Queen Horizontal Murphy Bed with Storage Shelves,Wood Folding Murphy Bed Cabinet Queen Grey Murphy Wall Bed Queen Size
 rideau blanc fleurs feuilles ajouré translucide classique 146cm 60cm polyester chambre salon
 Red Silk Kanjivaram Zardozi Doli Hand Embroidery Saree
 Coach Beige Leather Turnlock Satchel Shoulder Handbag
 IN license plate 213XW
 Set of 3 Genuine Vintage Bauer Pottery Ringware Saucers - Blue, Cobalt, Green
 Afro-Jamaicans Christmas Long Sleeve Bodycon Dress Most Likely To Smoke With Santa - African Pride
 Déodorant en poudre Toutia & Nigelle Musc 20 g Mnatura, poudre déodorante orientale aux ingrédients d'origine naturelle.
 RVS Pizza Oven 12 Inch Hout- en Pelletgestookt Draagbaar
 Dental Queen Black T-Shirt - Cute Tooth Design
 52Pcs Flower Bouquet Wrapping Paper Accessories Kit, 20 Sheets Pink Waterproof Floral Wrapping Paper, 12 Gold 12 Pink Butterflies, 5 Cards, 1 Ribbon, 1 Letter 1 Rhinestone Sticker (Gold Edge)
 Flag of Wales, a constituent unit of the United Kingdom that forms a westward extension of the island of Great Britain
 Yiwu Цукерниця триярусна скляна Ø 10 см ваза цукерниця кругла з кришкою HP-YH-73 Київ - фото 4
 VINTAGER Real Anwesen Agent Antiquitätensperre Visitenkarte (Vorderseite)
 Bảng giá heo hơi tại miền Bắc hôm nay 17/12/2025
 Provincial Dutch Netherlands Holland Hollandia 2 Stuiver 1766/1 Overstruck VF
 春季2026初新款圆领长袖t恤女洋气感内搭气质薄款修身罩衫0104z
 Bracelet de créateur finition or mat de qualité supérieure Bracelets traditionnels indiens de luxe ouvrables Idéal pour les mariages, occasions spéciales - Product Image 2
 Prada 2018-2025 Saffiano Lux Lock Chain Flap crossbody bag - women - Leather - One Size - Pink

**Exercise**
In the listing above, find the line containing "52Pcs Flower Bouquet" and the line containing "Flag of Wales, a", then retype both and every line between them exactly, with nothing else.

**Completed task**
 52Pcs Flower Bouquet Wrapping Paper Accessories Kit, 20 Sheets Pink Waterproof Floral Wrapping Paper, 12 Gold 12 Pink Butterflies, 5 Cards, 1 Ribbon, 1 Letter 1 Rhinestone Sticker (Gold Edge)
 Flag of Wales, a constituent unit of the United Kingdom that forms a westward extension of the island of Great Britain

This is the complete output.